You are a senior cloud infrastructure engineer at a large financial services institution. Your team owns the GCP infrastructure layer that powers internal data pipelines, including a critical overnight batch process that generates regulatory compliance reports for SOX controls and AML transaction monitoring.
On Tuesday morning, the compliance operations team reports that last night's batch run failed silently — no alerts fired, no errors appeared in any dashboard, but the regulatory reports are incomplete. This is the third intermittent failure in two weeks. The Chief Technology Officer has escalated: regulators audit these reports quarterly, and the next audit window opens in six weeks.

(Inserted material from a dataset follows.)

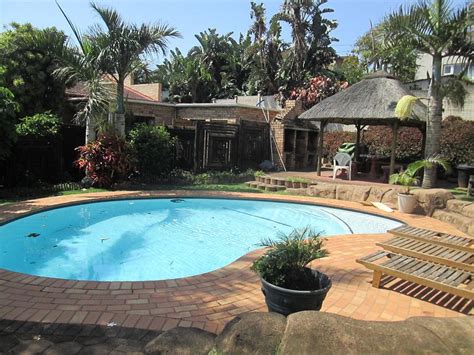 BEACHFRONT CABANAS - Prices & Guest house Reviews (Durban, South Africa) - Tripadvisor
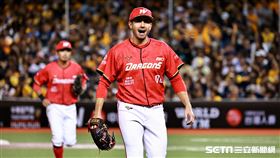 ▲中信兄弟周思齊引退賽首日，味全龍中繼投手銳歐化解二、三壘有人危機。（圖／記者劉彥池攝影）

While investigating, you discover four overlapping problems:
(1) The batch pipeline runs on Compute Engine instances provisioned through Terraform, but someone has been making changes through the GCP console — the Terraform state file no longer reflects what is actually deployed. Resources exist in GCP that Terraform doesn't know about, and Terraform-managed resources have been manually modified.
(2) Cloud SQL — the batch pipeline's data source — is running on a single-zone configuration with automated backups disabled. One zone failure would mean data loss for a compliance-critical database.
(3) The GCP infrastructure has no meaningful monitoring or alerting. The compliance team discovered the batch failure by manually checking report outputs the next morning. No Cloud Monitoring alerts, no log-based metrics, no dashboards.
(4) A review of the Terraform codebase reveals several security and cost issues beyond the batch failure itself.
Your manager asks you to own the investigation, fix the immediate infrastructure issues, and establish monitoring so this never fails silently again. The first meaningful changes must ship within two weeks, with a team of two engineers.
The following Terraform configuration manages your batch processing infrastructure. Read it carefully — it may contain issues beyond the primary batch failure.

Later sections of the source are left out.